What is required - Would you write out the data below exactly, with every line intact?
==================================================
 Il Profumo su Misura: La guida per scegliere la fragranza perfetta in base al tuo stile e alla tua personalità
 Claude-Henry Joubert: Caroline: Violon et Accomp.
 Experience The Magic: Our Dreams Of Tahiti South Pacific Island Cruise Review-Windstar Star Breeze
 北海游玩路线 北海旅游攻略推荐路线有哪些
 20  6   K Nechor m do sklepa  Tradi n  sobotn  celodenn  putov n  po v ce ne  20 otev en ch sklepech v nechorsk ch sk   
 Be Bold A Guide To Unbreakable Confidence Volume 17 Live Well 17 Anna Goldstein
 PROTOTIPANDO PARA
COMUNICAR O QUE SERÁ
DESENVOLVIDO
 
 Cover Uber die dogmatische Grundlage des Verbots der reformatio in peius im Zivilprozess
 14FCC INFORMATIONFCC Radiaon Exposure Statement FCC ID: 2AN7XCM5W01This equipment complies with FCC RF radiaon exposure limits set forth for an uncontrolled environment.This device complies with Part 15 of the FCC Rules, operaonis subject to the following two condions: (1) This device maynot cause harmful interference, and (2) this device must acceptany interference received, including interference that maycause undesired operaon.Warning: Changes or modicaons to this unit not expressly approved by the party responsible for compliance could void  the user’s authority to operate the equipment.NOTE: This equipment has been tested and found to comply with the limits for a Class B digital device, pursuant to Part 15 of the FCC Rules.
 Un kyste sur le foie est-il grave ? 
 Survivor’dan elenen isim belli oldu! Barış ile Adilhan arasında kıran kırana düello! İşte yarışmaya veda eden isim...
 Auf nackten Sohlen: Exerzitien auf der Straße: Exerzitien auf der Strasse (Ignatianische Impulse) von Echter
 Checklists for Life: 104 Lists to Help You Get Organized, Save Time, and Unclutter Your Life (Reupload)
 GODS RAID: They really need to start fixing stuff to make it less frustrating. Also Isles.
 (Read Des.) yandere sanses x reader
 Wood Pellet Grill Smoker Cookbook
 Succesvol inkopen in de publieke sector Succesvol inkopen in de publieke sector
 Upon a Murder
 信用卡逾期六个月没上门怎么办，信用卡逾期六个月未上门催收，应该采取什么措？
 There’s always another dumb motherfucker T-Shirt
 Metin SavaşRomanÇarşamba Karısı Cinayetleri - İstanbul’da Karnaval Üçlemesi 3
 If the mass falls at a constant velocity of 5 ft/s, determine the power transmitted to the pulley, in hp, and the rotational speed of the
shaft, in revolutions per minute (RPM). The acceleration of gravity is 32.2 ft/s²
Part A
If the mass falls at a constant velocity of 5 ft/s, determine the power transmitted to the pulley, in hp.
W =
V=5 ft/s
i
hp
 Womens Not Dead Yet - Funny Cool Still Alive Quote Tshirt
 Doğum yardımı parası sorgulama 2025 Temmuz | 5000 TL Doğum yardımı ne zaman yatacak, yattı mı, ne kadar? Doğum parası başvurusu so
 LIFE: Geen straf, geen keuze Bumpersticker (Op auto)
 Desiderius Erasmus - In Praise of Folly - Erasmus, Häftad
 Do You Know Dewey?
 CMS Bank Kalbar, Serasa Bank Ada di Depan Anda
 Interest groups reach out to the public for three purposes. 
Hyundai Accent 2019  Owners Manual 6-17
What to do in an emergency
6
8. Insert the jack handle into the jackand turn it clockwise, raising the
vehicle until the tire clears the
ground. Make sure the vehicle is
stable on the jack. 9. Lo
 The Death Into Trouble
==================================================
Solution to the problem -
 Il Profumo su Misura: La guida per scegliere la fragranza perfetta in base al tuo stile e alla tua personalità
 Claude-Henry Joubert: Caroline: Violon et Accomp.
 Experience The Magic: Our Dreams Of Tahiti South Pacific Island Cruise Review-Windstar Star Breeze
 北海游玩路线 北海旅游攻略推荐路线有哪些
 20  6   K Nechor m do sklepa  Tradi n  sobotn  celodenn  putov n  po v ce ne  20 otev en ch sklepech v nechorsk ch sk   
 Be Bold A Guide To Unbreakable Confidence Volume 17 Live Well 17 Anna Goldstein
 PROTOTIPANDO PARA
COMUNICAR O QUE SERÁ
DESENVOLVIDO
 
 Cover Uber die dogmatische Grundlage des Verbots der reformatio in peius im Zivilprozess
 14FCC INFORMATIONFCC Radiaon Exposure Statement FCC ID: 2AN7XCM5W01This equipment complies with FCC RF radiaon exposure limits set forth for an uncontrolled environment.This device complies with Part 15 of the FCC Rules, operaonis subject to the following two condions: (1) This device maynot cause harmful interference, and (2) this device must acceptany interference received, including interference that maycause undesired operaon.Warning: Changes or modicaons to this unit not expressly approved by the party responsible for compliance could void  the user’s authority to operate the equipment.NOTE: This equipment has been tested and found to comply with the limits for a Class B digital device, pursuant to Part 15 of the FCC Rules.
 Un kyste sur le foie est-il grave ? 
 Survivor’dan elenen isim belli oldu! Barış ile Adilhan arasında kıran kırana düello! İşte yarışmaya veda eden isim...
 Auf nackten Sohlen: Exerzitien auf der Straße: Exerzitien auf der Strasse (Ignatianische Impulse) von Echter
 Checklists for Life: 104 Lists to Help You Get Organized, Save Time, and Unclutter Your Life (Reupload)
 GODS RAID: They really need to start fixing stuff to make it less frustrating. Also Isles.
 (Read Des.) yandere sanses x reader
 Wood Pellet Grill Smoker Cookbook
 Succesvol inkopen in de publieke sector Succesvol inkopen in de publieke sector
 Upon a Murder
 信用卡逾期六个月没上门怎么办，信用卡逾期六个月未上门催收，应该采取什么措？
 There’s always another dumb motherfucker T-Shirt
 Metin SavaşRomanÇarşamba Karısı Cinayetleri - İstanbul’da Karnaval Üçlemesi 3
 If the mass falls at a constant velocity of 5 ft/s, determine the power transmitted to the pulley, in hp, and the rotational speed of the
shaft, in revolutions per minute (RPM). The acceleration of gravity is 32.2 ft/s²
Part A
If the mass falls at a constant velocity of 5 ft/s, determine the power transmitted to the pulley, in hp.
W =
V=5 ft/s
i
hp
 Womens Not Dead Yet - Funny Cool Still Alive Quote Tshirt
 Doğum yardımı parası sorgulama 2025 Temmuz | 5000 TL Doğum yardımı ne zaman yatacak, yattı mı, ne kadar? Doğum parası başvurusu so
 LIFE: Geen straf, geen keuze Bumpersticker (Op auto)
 Desiderius Erasmus - In Praise of Folly - Erasmus, Häftad
 Do You Know Dewey?
 CMS Bank Kalbar, Serasa Bank Ada di Depan Anda
 Interest groups reach out to the public for three purposes. 
Hyundai Accent 2019  Owners Manual 6-17
What to do in an emergency
6
8. Insert the jack handle into the jackand turn it clockwise, raising the
vehicle until the tire clears the
ground. Make sure the vehicle is
stable on the jack. 9. Lo
 The Death Into Trouble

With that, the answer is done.